» Working data:
===============
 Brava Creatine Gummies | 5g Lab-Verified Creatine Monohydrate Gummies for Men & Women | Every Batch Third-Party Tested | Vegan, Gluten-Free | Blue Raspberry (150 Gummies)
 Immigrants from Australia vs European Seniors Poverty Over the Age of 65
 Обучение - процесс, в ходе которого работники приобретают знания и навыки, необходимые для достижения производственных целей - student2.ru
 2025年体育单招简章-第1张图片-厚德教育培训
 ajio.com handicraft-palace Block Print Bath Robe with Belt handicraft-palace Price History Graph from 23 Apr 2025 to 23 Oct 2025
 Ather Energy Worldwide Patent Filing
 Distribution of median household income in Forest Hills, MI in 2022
===============
» What you need to do:
Using the listing above, work out the number of lines that include "from". The reply is that number alone.

» Task response:
2